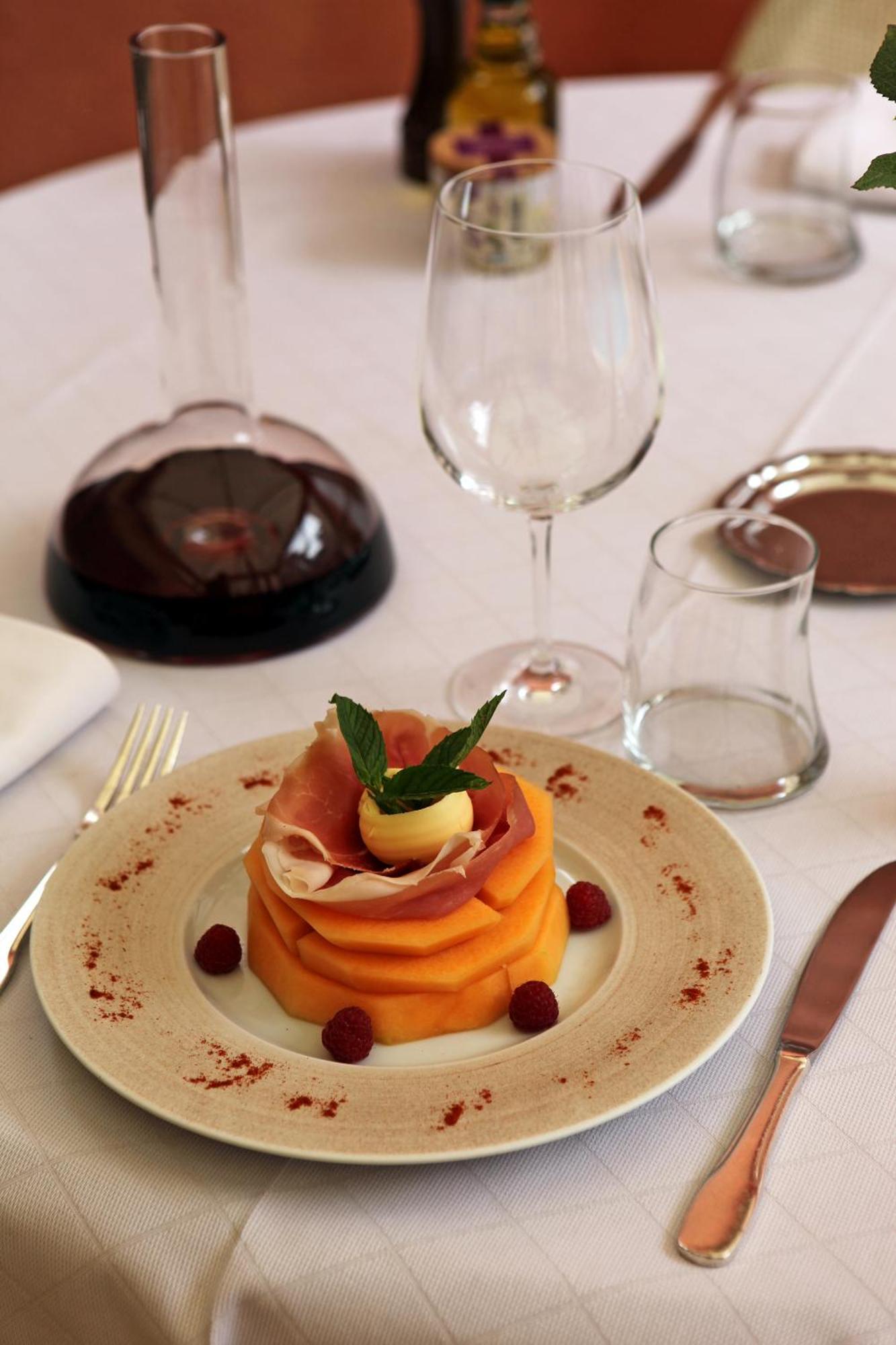 Logis Hotel Restaurant De La Paix ลูเดฟ ภายนอก รูปภาพ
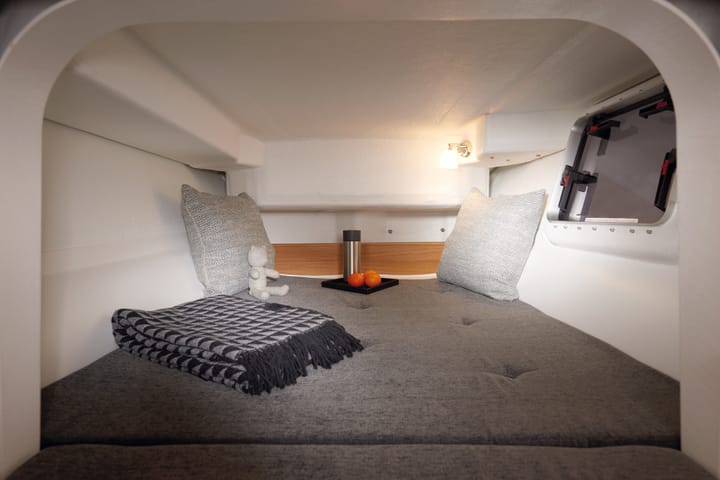 Marseille 8.75 m For Charter Yacht - #15657 - 9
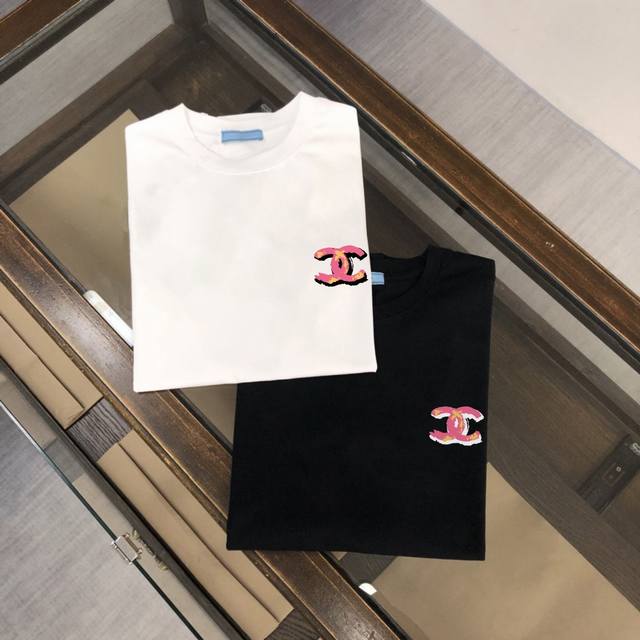Chanel's new summer crew neck short-sleeved T-shirt! Made from 270g heavyweight,
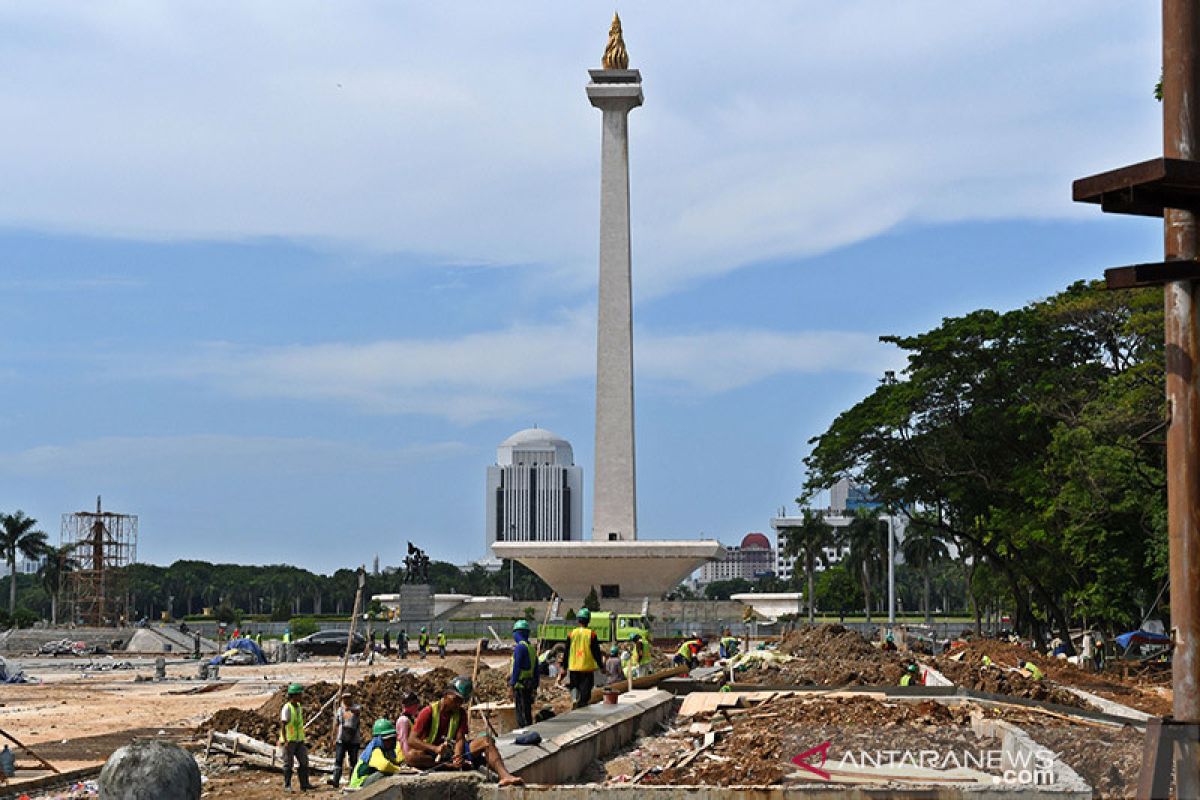 Revitalisasi Monas hingga Dirut TransJakarta diburu Kejari Jakpus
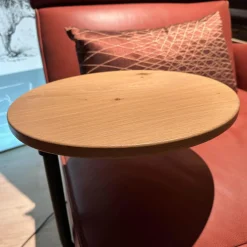 Funktionssessel Etino Leder B Toro Reno Rot 5 Arm Drehkreuz Schwarz Matt Mit Tisch Wildeiche Natur Und Nierenkissen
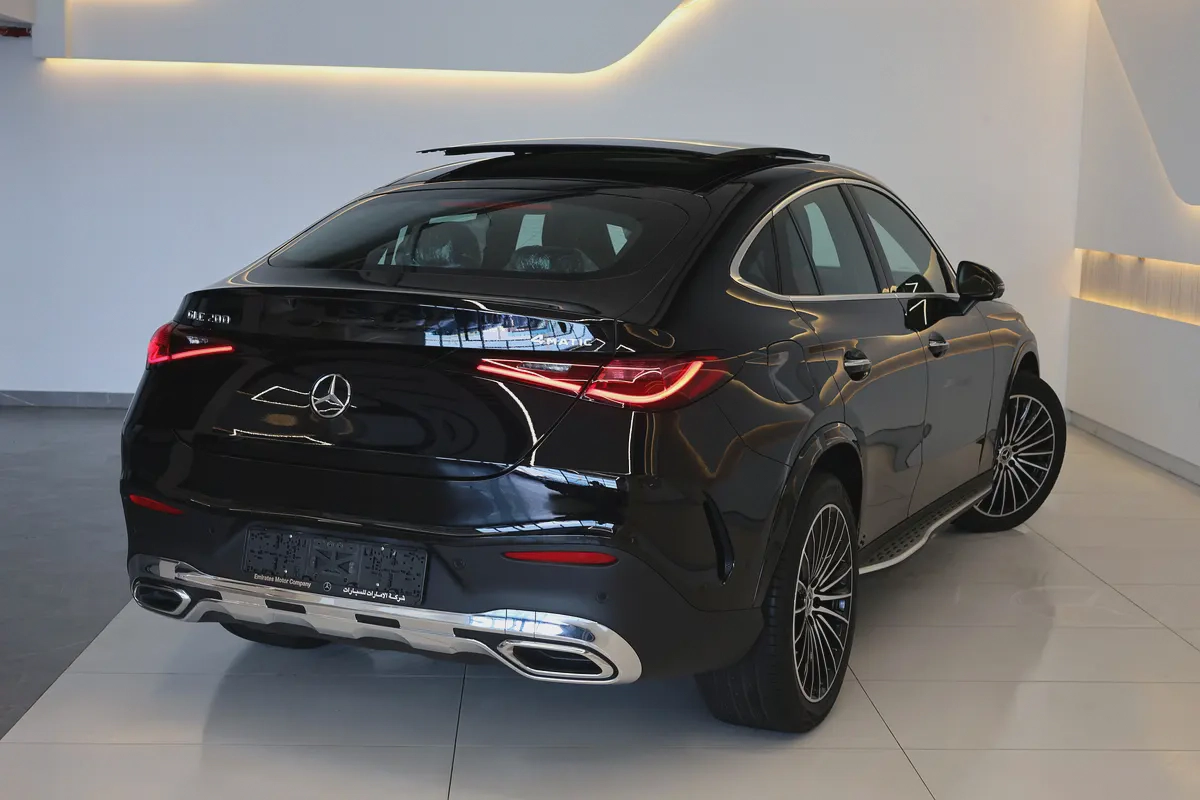 GLC200 COUPE 4MATIC - BRAND NEW - 5YRS UNDER WARRANTY - GCC SPECS - AVAIL COLOR ( WHITE, BLACK,-2-2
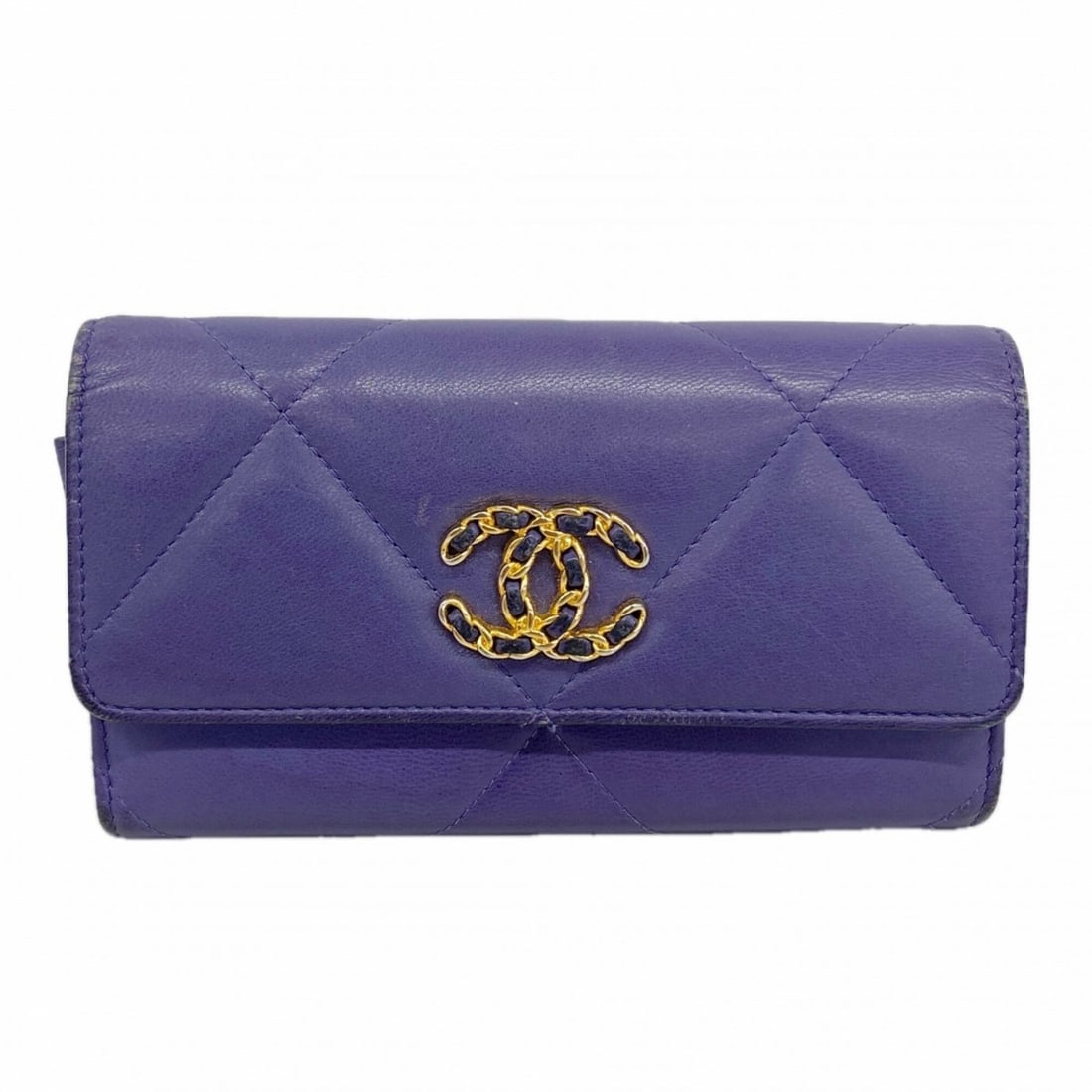 Chanel Long Wallet, 19, Lambskin, Purple, Women's: --- Catalog ---Category: SizeSize (HxWxD): 9cm x 16cm x 3cm / 3.54'' x 6.29'' x 1.18''Category: DesignType: Long wallet (bi-fold)Color: PurpleGender: WomenMaterial: Leather Leather/Fur Type: LambskinC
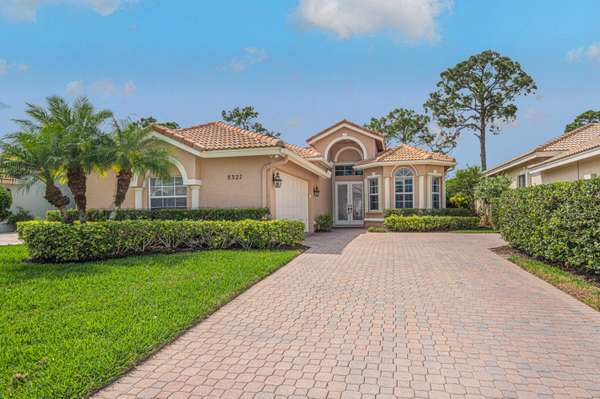 Port Saint Lucie, FL 34986,8327 Muirfield WAY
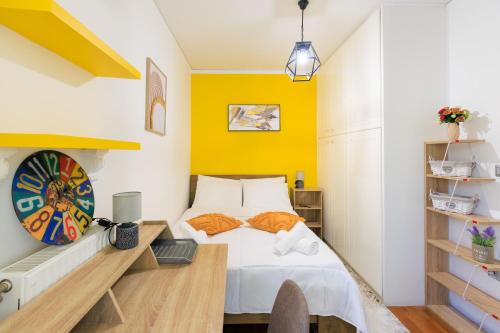 Aiolos Grand super lux suite kalamaki Alimos near the sea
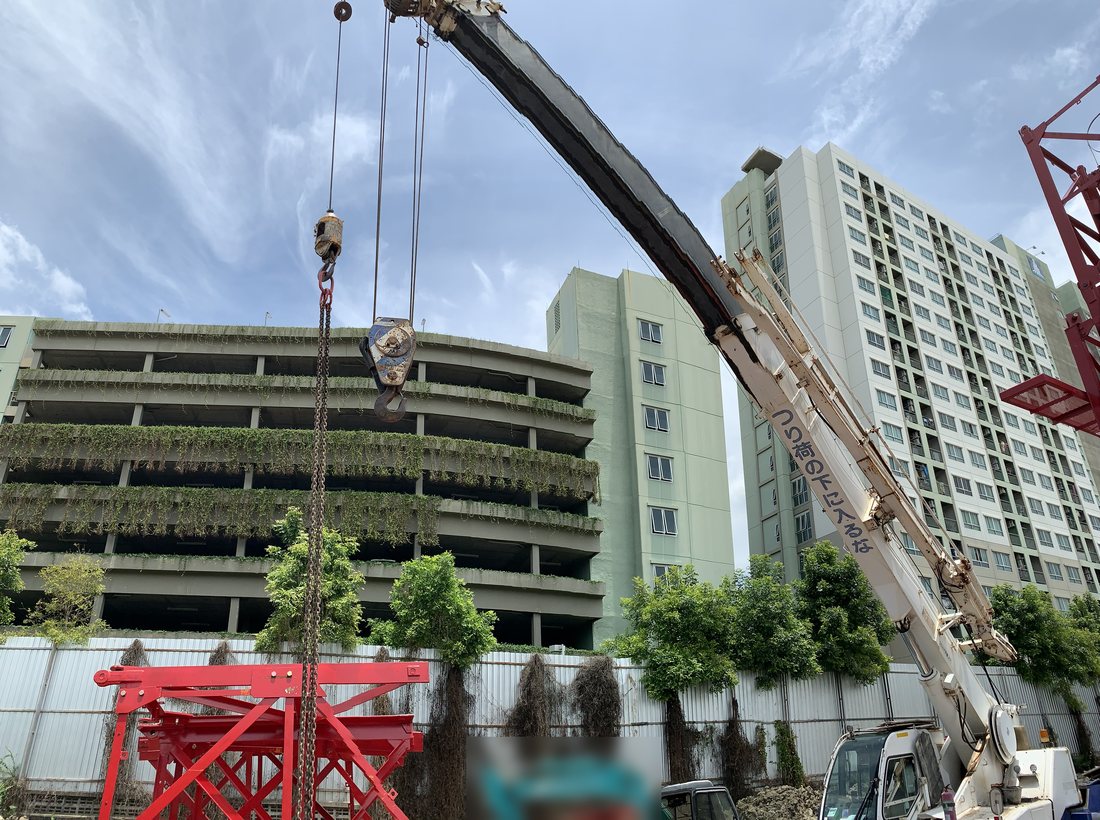ตะขอเครนและโซ่ยกของ BIG MACHINE TRADING มองจากมุมต่ำ เตรียมยกชิ้นส่วนทาวเวอร์เครนที่ไซต์ก่อสร้างคอนโดอ่อนนุช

━━━━━━━━━━━━━━━━━━━━

TASK DIRECTIONS -
Your copy must begin at the line containing "Port Saint Lucie, FL" and end at the last line of the material above. Reproduce each line exactly, but not the pictures.

ANSWER SECTION -
 Port Saint Lucie, FL 34986,8327 Muirfield WAY
 Aiolos Grand super lux suite kalamaki Alimos near the sea
ตะขอเครนและโซ่ยกของ BIG MACHINE TRADING มองจากมุมต่ำ เตรียมยกชิ้นส่วนทาวเวอร์เครนที่ไซต์ก่อสร้างคอนโดอ่อนนุช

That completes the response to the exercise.